Which brings me to Erik Karlsson. He’s in a unique position, in that he represents the youth of this club, but is playing out his entry-level contract while the rest of our good defensive prospects – Cowen, Wiercioch, Rundblad – are still looking at a year or two of development. He hasn’t hit his ceiling by a long-shot, and he hasn’t filled out (though expecting him to be physical is like expecting him to be a different kind of player), but we’ve seen glimpses of what he’s capable of. He’s in that purgatorial state where he’s neither a prospect nor a veteran, and for all of his talent is not enough of a blue-chipper that this team can build around him.

So the tough question is: if this team launches into a rebuild (which remains to be seen), is Karlsson actually tradable?

From a sentimental point of view, I say no: I like his play, his enthusiasm and creativity, and how his voice sounds like he’s sucking back helium. He’s only in his second season, and I feel he has a lot more to show us. But from a strictly developmental perspective, the timing isn’t great. After next season he’ll need another contract, and one would have to think that he’ll be earning at least $2M – $2.5M given he plays twenty minutes a night and occasionally quarterbacks Ottawa’s power play. (Which, it should be noted, is rated 12th in the NHL after last year being rated 21st, and spending most of the season next to last.) He’s worth that money, but is also worth more now from a trading perspective than he’ll ever be. If Ottawa is going to implement a plan to win in three to five seasons rather than right now, are we better off with a high draft pick / a prospect that’s a year or two from breaking the big game, or is Erik a big part of Ottawa’s future?

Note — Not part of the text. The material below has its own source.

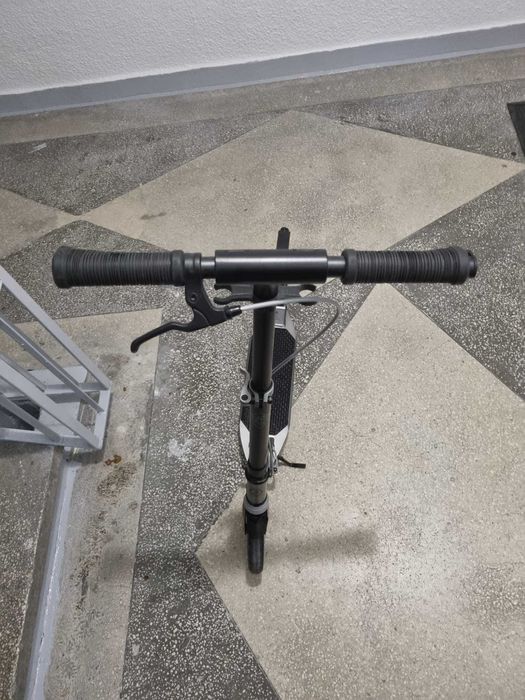 Vand trotineta Oxelo copii neagra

Of course, trading him will never happen. Murray traded last season’s pick for a player selected in the same spot a year earlier, jumping the development line by a year – he’s not looking to build long term, he’s looking to jump start production. But if this team is facing the big ideological questions of what kind of team it wants to be, where do you see Erik Karlsson fitting in?